If your work is considered to be in the “self-employed” bracket, you are obligated to pay taxes to the IRD and file returns before the end of each financial year, (usually 31 March). A good way to make sure you have enough money to pay your tax is to put about 20 to 30 percent of every invoice that clears into a separate account. Use this to pay your tax at the end of the year. This way you won’t be scrambling to raise the money. 

See our Self Employed Tax Calculator 

Schedular Tax Payments

Some independent contractors are given the option of having their taxes deducted for them and paid directly to the IRD. This is what schedular payments are. Those who work through hiring companies or recruiters and get paid through them are eligible for schedular payments. 

Those who work directly with clients and get paid by them could request the company to deduct taxes on their behalf. The company is not obligated to agree to do this. If you follow this option, you need to fill in a form (the IR330C) with each new contract. This form needs to be submitted to the company you’re doing the work for. You will have to work out how much tax you owe or pay the standard rate that has been set for your type of work. 
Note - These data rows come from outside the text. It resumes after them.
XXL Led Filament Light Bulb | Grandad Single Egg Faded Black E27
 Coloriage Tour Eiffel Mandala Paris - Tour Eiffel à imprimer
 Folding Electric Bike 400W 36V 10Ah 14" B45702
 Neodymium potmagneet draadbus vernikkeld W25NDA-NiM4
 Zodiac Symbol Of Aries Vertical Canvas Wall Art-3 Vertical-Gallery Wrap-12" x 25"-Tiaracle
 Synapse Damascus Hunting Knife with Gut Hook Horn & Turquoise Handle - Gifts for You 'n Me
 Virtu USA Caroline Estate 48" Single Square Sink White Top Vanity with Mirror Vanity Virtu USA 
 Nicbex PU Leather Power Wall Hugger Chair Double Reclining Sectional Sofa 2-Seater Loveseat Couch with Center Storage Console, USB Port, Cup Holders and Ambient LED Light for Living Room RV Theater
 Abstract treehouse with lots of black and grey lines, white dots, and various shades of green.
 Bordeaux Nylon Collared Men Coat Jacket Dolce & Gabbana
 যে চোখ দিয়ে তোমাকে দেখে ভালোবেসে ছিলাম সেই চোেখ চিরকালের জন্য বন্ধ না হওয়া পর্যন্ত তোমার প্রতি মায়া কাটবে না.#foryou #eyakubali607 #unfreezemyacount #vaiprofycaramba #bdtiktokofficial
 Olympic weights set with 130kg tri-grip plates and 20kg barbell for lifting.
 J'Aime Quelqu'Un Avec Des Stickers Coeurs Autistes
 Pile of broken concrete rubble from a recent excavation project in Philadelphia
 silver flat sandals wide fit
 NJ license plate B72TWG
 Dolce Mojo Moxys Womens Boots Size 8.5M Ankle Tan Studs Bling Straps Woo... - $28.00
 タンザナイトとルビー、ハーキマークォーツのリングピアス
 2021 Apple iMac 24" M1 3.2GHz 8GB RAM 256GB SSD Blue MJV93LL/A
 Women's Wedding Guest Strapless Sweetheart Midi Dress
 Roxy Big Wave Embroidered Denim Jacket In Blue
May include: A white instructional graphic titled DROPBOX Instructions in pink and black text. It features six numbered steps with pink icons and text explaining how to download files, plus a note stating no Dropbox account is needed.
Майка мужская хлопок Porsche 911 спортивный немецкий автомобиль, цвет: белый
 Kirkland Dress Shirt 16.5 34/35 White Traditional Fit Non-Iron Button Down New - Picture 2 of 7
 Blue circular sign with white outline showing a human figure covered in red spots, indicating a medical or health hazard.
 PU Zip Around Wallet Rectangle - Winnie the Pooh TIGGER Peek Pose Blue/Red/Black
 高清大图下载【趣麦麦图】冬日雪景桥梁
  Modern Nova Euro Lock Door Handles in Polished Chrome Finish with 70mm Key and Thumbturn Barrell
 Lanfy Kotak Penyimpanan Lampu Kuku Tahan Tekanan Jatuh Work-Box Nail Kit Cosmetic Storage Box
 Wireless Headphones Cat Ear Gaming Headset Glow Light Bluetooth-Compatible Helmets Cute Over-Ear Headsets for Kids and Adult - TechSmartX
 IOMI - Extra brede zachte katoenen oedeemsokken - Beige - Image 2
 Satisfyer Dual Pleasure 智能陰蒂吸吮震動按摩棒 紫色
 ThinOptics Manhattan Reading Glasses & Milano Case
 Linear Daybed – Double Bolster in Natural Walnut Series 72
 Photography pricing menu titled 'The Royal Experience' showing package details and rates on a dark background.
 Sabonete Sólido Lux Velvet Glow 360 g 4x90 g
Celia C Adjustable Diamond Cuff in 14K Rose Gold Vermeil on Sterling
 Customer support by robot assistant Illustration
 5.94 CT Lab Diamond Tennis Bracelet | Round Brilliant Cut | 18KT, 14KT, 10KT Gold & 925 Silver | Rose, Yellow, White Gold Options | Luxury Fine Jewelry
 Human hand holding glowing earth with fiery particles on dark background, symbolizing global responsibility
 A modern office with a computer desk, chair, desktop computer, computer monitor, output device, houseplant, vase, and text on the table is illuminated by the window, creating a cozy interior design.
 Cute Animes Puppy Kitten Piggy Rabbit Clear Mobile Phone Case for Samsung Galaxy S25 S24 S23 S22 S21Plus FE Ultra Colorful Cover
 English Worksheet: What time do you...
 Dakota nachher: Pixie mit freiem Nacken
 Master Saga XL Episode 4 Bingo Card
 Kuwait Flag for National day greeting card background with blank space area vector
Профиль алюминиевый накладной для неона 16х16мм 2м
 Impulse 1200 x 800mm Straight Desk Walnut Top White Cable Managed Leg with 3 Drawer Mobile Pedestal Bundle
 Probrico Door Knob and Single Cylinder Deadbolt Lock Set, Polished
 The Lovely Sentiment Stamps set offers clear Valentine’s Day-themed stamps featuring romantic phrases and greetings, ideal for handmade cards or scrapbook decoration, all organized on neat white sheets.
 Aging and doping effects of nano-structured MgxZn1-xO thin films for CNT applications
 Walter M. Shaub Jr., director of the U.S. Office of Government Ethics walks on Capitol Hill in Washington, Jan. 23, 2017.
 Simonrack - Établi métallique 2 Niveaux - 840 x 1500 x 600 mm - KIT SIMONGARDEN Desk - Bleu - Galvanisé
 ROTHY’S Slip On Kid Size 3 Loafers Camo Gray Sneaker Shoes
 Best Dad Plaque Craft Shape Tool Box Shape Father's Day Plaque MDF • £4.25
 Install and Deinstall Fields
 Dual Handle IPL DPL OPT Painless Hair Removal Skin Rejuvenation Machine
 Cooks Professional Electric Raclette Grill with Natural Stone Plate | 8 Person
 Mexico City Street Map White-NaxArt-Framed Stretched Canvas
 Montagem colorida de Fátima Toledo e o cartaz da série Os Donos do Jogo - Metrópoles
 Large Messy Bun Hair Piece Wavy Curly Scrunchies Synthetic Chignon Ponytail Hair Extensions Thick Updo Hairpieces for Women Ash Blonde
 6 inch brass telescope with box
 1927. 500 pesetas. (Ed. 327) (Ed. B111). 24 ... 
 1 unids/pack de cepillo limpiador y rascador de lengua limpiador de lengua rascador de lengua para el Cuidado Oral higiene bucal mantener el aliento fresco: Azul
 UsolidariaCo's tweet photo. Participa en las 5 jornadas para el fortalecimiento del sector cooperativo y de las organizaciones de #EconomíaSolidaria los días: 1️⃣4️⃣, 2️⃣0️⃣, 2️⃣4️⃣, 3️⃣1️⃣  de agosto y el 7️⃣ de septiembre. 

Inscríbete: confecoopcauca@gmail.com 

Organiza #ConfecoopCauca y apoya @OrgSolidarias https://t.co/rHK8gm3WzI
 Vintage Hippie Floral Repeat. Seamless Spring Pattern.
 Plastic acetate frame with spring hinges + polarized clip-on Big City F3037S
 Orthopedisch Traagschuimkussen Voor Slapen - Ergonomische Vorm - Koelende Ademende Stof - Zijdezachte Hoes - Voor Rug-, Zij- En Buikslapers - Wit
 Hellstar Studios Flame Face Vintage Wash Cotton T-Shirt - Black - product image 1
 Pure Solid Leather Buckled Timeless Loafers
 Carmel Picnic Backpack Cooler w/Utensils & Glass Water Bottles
Schedular payments and filing returns must not be confused with one another. Even after schedular payments are made, you still need to file your tax returns before the end of each financial year. 

Provisional Tax

You will only be asked to pay provisional tax if, at the end of the financial year, the amount of tax you need to pay exceeds $5000. Paying provisional tax simply means that instead of paying a lump sum at the end of the year, you pay your taxes in instalments. The size of these instalments are calculated based on the amount you paid in the previous financial year. 

GST or Goods and Services Tax

This is applicable only if your yearly income is more than $60,000. If you expect your earnings to cross this number, you need to register for GST and file these returns routinely. If your annual income is less than $60,000 then you are not obligated to register for GST but you could if you choose to. 

ACC Levies

ACC bills are frequently overlooked by small businesses, and can be a large financial surprise. You will need to pay ACC a percentage of your income, based on the type of work you do and your business classification unit. This can be several hundred or thousand dollars, so be aware that it will need to be accounted for.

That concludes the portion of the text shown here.